Now the phrensy of party bigotry blazed forth in illuminations, bonfires, burning effigies, roasting sheep, and in all manner of riotous dissipation. The minds of the vulgar were now poisoned with prejudices artfully circulated; and the tongue under no restraint but that of its own faction. Some of this Majesty's subjects were exposed to the grossest insults with the danger of their lives. This scene of wild extravagance sancted sanctioned by such usurpation, is a sure fore-runner of oppression, decay of public credit, the unprotection of individuals and their property. It also betrays an imbecile mind, and leaves a remarkable and odious stigma upon your conduct.

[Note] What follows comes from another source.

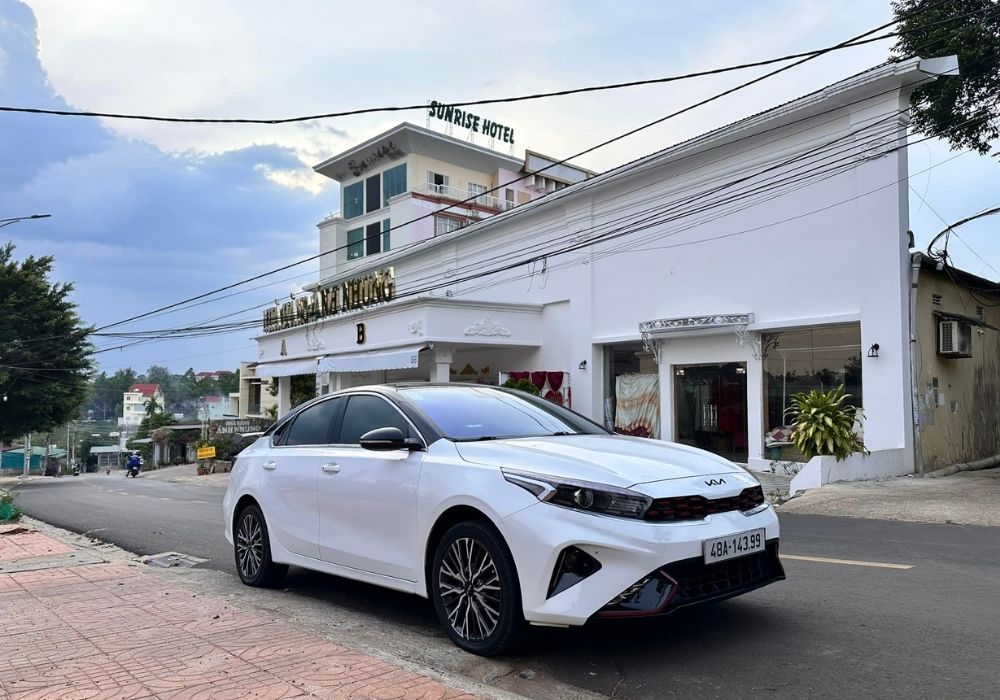 Xe taxi Lâm Hà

I am inclined to think you expected to find scarce a man that would disapprove of your measures, however here you were mistaken, and some people begun to speak pretty freely upon the business; but this freedom of speech caused a report to be circulated, that if any efforts were made to prejudice the minds of the people against your administration, you would immediately put the country under martial law and hang the offenders (loyalists).  Be this as it may as coming from you, it was credited, and undoubtedly put the people in fear that were known to be of opposite opinions to your party.  Is not this an intrusion on the liberty of the subjects?

When the licentious and extravagant mirth began to abate, the mind of course was more at liberty to enquire into the cause, and it was soon whispered, that the Government bills given during your administration were not likely to be duly honoured. This was a blow upon public credit, and a scarcity of money was soon a general complaint. Instead of the times altering for the better according to expectation, a contrary effect was produced. Now many people begun to see their error, and that they had been supporting a different man than yourself."